Where there is no fun, there is no energy. How long does it take to detect energy or lack of it in an office? Within five seconds, you can tell how much fun it is to work there. Your customers can tell the same thing within five seconds of being greeted by one of your team members.

Change is what happens when you mix creativity and energy. An effective organization is a changing organization. You can’t reverse that equation, because it’s possible for management to change the look, the staff, the location, and a thousand other things about an organization in an attempt to produce effectiveness artificially.

Change that does not emerge from a healthy combination of creativity and energy will feel synthetic. Creativity combined with energy produces change from within. Changes imposed from outside feel like impositions. Changes from within are self-regulated and guided by realism.

Here are three methods of building energy, creativity, and change:

Analyze the steps used to solve a very difficult problem: Think of one that you or a team member handled in recent months. What did you do?

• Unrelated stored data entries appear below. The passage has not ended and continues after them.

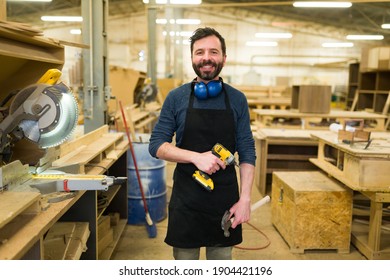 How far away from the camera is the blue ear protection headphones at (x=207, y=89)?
6.24 feet

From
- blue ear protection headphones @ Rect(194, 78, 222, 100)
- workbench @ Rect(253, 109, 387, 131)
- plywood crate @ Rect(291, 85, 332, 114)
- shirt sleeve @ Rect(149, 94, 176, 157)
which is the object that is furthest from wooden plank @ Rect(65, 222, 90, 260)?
plywood crate @ Rect(291, 85, 332, 114)

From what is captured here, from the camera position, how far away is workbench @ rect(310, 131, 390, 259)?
9.53ft

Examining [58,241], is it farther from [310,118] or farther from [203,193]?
[310,118]

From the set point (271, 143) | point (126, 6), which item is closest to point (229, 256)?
point (271, 143)

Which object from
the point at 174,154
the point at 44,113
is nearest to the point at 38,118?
the point at 44,113

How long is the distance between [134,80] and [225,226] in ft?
20.8

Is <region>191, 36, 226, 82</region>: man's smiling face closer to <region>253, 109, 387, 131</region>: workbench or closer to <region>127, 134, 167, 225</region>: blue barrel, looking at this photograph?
<region>127, 134, 167, 225</region>: blue barrel

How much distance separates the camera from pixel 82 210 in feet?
7.80

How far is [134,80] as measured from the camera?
313 inches

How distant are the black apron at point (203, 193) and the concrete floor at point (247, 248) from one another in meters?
1.27

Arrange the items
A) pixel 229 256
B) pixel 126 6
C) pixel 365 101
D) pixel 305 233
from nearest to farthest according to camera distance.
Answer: pixel 229 256 → pixel 305 233 → pixel 365 101 → pixel 126 6

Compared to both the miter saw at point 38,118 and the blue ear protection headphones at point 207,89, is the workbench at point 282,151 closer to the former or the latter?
the blue ear protection headphones at point 207,89

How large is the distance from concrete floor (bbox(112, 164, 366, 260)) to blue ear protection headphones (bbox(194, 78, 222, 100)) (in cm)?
168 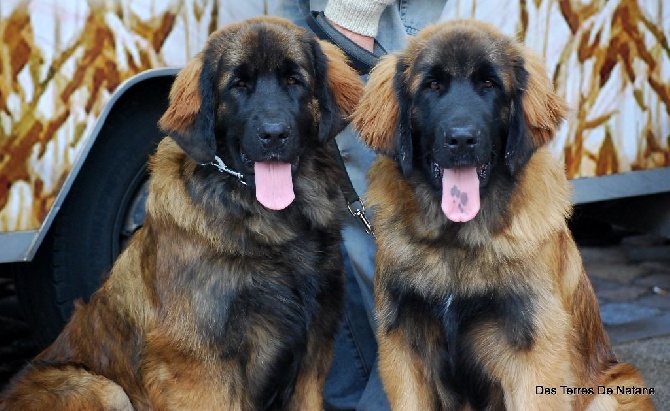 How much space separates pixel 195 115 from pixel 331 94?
557 mm

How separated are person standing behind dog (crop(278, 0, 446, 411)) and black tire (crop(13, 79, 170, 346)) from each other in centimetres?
95

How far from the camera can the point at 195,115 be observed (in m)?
3.98

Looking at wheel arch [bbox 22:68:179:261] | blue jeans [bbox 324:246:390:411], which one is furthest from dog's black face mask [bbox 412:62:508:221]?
wheel arch [bbox 22:68:179:261]

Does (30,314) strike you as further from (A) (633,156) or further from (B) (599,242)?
(B) (599,242)

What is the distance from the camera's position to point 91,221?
511 centimetres

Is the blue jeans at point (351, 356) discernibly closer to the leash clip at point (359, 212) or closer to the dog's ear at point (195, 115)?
the leash clip at point (359, 212)

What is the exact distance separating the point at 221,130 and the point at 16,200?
1.26 meters

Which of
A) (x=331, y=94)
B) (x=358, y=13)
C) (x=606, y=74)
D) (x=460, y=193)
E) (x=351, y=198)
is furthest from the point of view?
(x=606, y=74)

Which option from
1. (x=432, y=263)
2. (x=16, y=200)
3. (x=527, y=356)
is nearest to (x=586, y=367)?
(x=527, y=356)

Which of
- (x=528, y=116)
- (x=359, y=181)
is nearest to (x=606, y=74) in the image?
(x=359, y=181)

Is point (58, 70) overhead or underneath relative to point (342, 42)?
underneath

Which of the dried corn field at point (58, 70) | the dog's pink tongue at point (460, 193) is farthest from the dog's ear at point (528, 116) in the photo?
the dried corn field at point (58, 70)

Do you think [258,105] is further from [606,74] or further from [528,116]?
[606,74]

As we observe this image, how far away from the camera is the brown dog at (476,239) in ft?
12.3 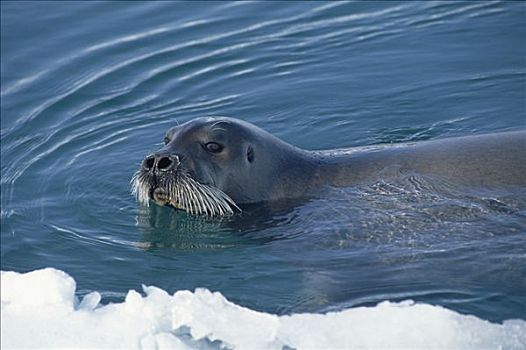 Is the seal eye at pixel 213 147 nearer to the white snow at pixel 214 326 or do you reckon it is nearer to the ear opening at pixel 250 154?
the ear opening at pixel 250 154

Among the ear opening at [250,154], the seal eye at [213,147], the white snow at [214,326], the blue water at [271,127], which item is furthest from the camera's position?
the ear opening at [250,154]

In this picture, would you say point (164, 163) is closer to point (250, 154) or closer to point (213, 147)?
point (213, 147)

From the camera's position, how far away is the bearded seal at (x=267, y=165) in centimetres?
832

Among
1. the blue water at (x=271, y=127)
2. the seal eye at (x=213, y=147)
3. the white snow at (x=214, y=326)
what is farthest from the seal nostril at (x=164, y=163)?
the white snow at (x=214, y=326)

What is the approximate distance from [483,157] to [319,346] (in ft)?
8.10

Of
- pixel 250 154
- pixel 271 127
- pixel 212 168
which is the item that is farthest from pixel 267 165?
pixel 271 127

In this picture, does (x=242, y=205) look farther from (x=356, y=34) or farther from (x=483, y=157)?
(x=356, y=34)

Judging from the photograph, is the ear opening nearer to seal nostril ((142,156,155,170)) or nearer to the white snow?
seal nostril ((142,156,155,170))

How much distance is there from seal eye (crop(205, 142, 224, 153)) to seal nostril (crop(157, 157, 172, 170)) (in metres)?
0.31

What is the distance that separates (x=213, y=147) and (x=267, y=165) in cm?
46

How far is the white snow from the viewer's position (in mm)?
6598

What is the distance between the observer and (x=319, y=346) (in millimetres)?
6598

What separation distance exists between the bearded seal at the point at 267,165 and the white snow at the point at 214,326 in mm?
1337

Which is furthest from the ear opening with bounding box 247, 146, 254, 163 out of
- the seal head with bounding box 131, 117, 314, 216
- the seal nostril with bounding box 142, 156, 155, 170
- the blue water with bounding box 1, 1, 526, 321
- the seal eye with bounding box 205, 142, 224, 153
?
the seal nostril with bounding box 142, 156, 155, 170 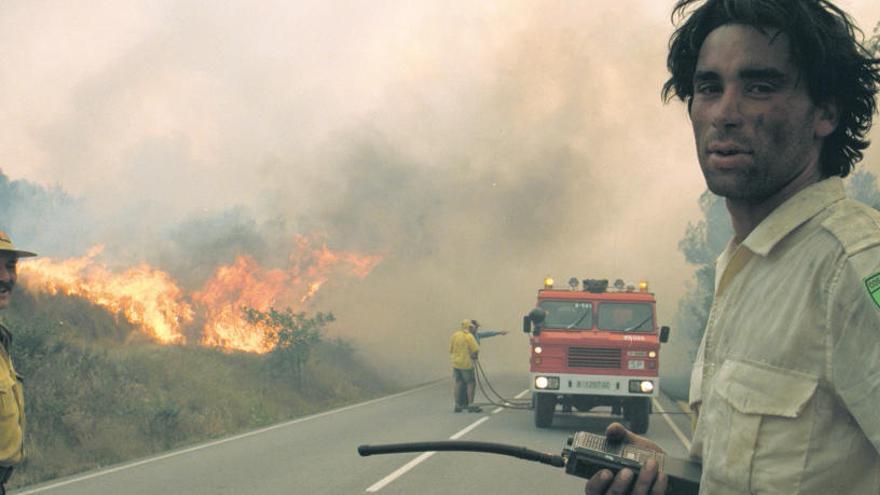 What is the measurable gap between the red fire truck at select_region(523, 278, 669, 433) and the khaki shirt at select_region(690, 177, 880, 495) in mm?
13439

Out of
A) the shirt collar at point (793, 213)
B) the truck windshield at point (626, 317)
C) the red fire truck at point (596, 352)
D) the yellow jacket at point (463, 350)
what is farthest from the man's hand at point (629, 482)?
the yellow jacket at point (463, 350)

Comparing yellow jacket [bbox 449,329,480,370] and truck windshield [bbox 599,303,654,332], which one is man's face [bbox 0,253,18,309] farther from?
yellow jacket [bbox 449,329,480,370]

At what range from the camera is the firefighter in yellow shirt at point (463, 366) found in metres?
18.8

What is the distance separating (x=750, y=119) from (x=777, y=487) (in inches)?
28.1

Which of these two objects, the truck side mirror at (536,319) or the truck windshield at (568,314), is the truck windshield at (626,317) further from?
the truck side mirror at (536,319)

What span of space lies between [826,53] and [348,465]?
10.0m

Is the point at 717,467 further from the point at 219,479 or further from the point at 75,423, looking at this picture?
the point at 75,423

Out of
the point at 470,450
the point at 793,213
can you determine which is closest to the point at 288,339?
the point at 470,450

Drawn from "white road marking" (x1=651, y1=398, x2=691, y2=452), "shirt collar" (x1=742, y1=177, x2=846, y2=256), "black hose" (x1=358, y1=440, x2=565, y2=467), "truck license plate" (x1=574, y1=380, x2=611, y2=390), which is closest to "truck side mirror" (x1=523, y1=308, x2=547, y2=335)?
"truck license plate" (x1=574, y1=380, x2=611, y2=390)

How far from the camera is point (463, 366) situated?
18.7 metres

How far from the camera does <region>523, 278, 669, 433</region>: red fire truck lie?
1505cm

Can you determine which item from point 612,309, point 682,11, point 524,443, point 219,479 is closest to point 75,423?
point 219,479

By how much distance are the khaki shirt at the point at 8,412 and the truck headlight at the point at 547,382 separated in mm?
11531

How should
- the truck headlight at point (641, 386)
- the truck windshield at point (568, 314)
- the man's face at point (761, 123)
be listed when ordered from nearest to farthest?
the man's face at point (761, 123) < the truck headlight at point (641, 386) < the truck windshield at point (568, 314) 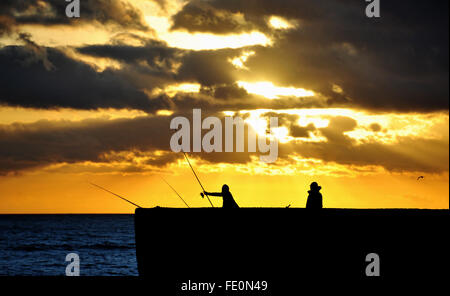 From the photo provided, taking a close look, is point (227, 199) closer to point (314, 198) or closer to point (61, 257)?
point (314, 198)

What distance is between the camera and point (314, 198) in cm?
1199

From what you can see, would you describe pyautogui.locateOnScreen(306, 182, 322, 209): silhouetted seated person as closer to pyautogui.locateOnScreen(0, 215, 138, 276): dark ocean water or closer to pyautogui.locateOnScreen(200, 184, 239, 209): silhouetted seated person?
pyautogui.locateOnScreen(200, 184, 239, 209): silhouetted seated person

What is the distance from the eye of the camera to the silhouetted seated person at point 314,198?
39.3 feet

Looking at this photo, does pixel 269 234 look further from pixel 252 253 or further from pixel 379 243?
pixel 379 243

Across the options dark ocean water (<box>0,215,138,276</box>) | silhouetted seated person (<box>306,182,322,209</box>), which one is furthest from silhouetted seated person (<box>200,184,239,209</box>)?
dark ocean water (<box>0,215,138,276</box>)

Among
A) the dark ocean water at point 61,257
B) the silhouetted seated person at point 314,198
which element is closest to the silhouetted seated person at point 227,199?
the silhouetted seated person at point 314,198

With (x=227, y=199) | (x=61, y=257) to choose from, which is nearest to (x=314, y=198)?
(x=227, y=199)

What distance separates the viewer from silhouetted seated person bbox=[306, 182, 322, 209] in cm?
1198

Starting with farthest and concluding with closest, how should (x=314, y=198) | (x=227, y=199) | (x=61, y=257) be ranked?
(x=61, y=257) → (x=227, y=199) → (x=314, y=198)

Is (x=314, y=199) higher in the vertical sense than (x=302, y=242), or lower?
higher

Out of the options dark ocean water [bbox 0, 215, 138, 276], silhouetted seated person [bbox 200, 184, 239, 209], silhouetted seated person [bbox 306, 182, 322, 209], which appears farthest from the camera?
dark ocean water [bbox 0, 215, 138, 276] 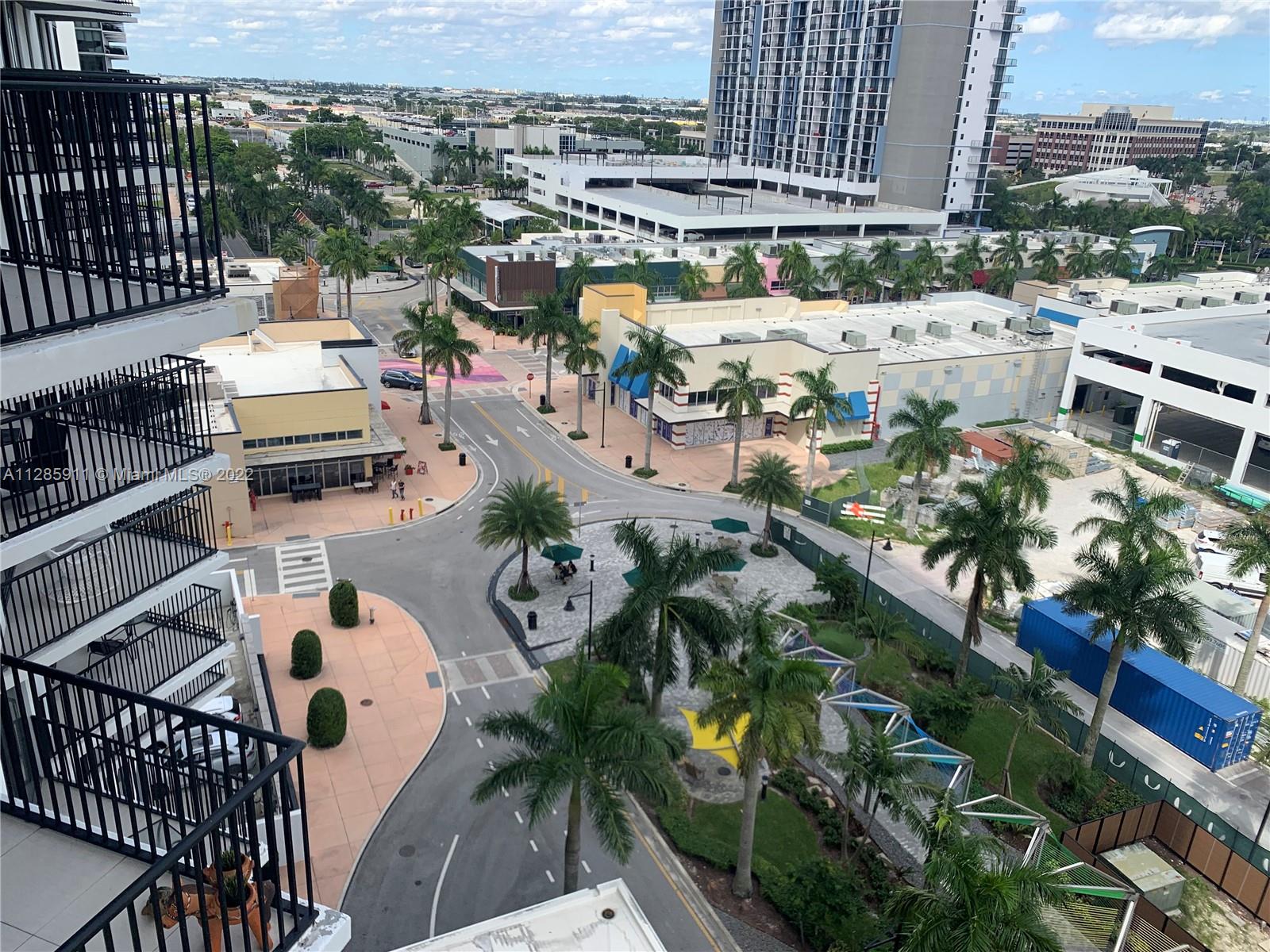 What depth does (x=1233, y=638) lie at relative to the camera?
3859 centimetres

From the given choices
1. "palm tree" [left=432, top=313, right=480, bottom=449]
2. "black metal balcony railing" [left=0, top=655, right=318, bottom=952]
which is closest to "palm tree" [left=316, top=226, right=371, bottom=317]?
"palm tree" [left=432, top=313, right=480, bottom=449]

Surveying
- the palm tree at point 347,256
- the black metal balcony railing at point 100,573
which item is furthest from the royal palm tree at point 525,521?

Consider your team from an outsider’s perspective: Learn what "vibes" the average customer picks up when initially meeting any of your team members.

Identify a change you can initiate right now: What one thing could you do at this point to make your organization more effective?

"Team morale and customer service,
on a scale of 1-10, receive the same score."

Monday, November 3, 2008

24 Lessons in High-Performance Management

Lesson Six
Practice Humanagement

Humanagement is simply the ability to use the job to develop the person while having fun in the process. My entire emphasis changed as I stopped managing my people like a herd of livestock and began leading them as people. It occurred to me I could help each individual unlock his or her talent, as well as:

• Set more meaningful goals (personal and professional).
• Better understand and plan their time.
• Use more of their creativity.
• Better handle their stress.
• Feel safe pushing their envelope.

If I had an office full of happy, growing people, I thought, there’s no telling what we could accomplish. Sure enough, when they began going home at night with their minds renewed and enriched instead of sore, tired, and aggravated, our entire universe expanded beyond anything we would have previously thought possible.

Don’t forget the “while having fun in the process” part. I don’t mean you open the office with a joke every morning. My experience has proven time and again that people who grow and develop and become more capable of handling problems are happier. They are happier because they are more fulfilled and actualized. When employees become more fulfilled and actualized, morale goes up. With higher morale comes higher productivity. I’ve never seen it fail.

Staff turnover also drops. With low staff turnover comes more bonding and team spirit. High turnover results in suspicion and a lack of personal investment in the job. It’s difficult to feel a part of an organization if the probability of losing your job is high. There are the managers who swear their organization has a terrific atmosphere, but people leave because the money is not competitive. There are also bureaucracies where people stay forever, even though they are miserable. A good logo for them would be: “Repeating Yesterday, Inc; Home of the Living Dead.”

Nobody is having fun in either case. People leave organizations because they’re not happy, not because there's more money elsewhere. The value of having fun on the job ranks above money. Enjoyable work in an enjoyable environment exerts a stronger hold on people than higher wages in an unpleasant job and environment. Here are three ways to help get positioned and mentally prepared to practice Humanagement:

Decide on ways to practice Humangement: Think about ways you can set a better example for your team.

Rate yourself from the perspective of your team members: If you ask them to rate how much fun they have working for you, what grade would they give you?

Imagine yourself the topic of conversation: If you were a fly on the wall in the homes of the people who work for you, what would they be saying about you in the evening?

"Help a team member grow, and you will receive respect in return."